Describe the solution you'd like

Allow IS NULL and IS NOT NULL on struct columns to be pushed down as row-level filters, reading only a single leaf column instead of all leaves.

In Parquet, definition levels encode nullability at every nesting level independently. When arrow-rs reads even one leaf column, it reconstructs the struct's null bitmap from definition levels. is_not_null() then checks this bitmap, not the leaf's data.

This means we can:

  1. Detect IS NULL(Column(struct)) / IS NOT NULL(Column(struct)) in PushdownChecker::f_down before the Column node is visited
  2. Project only the first leaf column of the struct in the ProjectionMask
  3. Let arrow-rs reconstruct the struct null bitmap from that single leaf's definition levels

Describe alternatives you've considered

  1. Definition-level-only reads: Read only the definition levels of one leaf column without decoding the data values. This would be optimal (~1 bit per row vs 4+ bytes) but requires arrow-rs API changes (ProjectionMask::definition_levels_only() or similar) that don't exist today.

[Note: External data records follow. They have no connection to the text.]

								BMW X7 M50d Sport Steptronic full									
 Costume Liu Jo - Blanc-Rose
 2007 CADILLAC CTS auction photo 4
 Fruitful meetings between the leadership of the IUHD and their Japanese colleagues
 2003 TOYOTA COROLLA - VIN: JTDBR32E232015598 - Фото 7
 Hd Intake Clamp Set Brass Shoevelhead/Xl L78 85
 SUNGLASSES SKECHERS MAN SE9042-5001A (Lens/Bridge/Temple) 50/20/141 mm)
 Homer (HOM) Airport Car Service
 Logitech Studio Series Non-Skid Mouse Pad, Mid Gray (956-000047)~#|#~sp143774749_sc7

  2. Statistics-based pruning only: Use Parquet row-group null_count statistics to prune entire row groups. However, Parquet statistics are stored only for leaf columns, not struct columns, so struct-level null_count isn't directly available from metadata.

Additional context

Related to the filter pushdown EPIC: #20324
Builds on: #20822 (struct field pushdown) and #20854 (leaf projection refinement)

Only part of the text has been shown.